I can’t speak.

I literally cannot talk. A few hoarse words before my vocal cords totally give out and there is no sound above a faint whisper.

I’ve been this way for just over 48 hours and I can’t believe it. 

I very rarely get sick (god bless my stellar immune system) and when I do, I might get hoarse, but I cannot recall a case of laryngitis this severe- ever. 

Advil. Mucinex. Gargling. Resting. Steaming. No improvement. Talk for more than 10 minutes and we are back to no sound at all. 

I’m going out of my mind because I have a lot to do, a lot to say. Empathy is my trade and words are my currency.  I need to talk because I have important things to explain. This isn’t a good time, sickness Gods. Please afflict me with something else or save this for another time. Remember… ahem… what I do….
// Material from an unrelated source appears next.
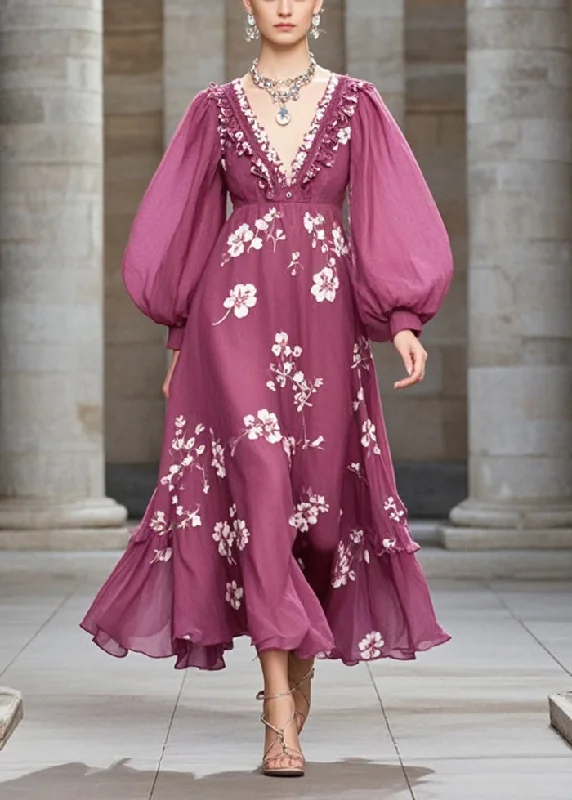 Massive Deals t-shirt dressElegant Purple Ruffled Print Chiffon Robe Dresses Fall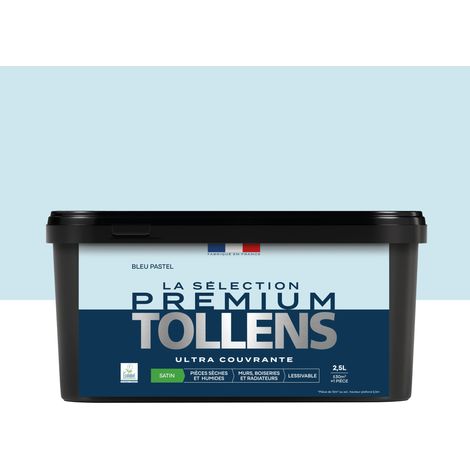 Tollens - Peinture intérieure couleurs - La Sélection Premium Satin - Ultra Couvrante - Bleu Pastel 2,5 L - 30m²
COME ON! I minister to the terminally ill, I speak about their choices and I talk about ways to navigate their circumstances. I don’t sing, I don’t dance, but I talk. Of course I try to spend a lot of time listening, but if my job is to provide the benefit of my experience, I need to use my voice!

And yet, I’m old enough to know that when self important thoughts fill one’s head, there is a lesson trying to be taught. Certainly, this is no different.

So I’ve contemplated my silence and I think I have been reminded of a few things. Perhaps if I share them, those aforementioned sickness Gods might restore my speech.

  1. Maybe stuff just happens and that is that. Strong possibility, no doubt.

In my line of work that contains so much spirituality and meaning, one can often discount the possibility - or reality- that sometimes “it is what it is” “shit happens” and “what will be will be”.

  1. My speech has been silenced because I am trying to teach a lesson someone has to learn for themselves.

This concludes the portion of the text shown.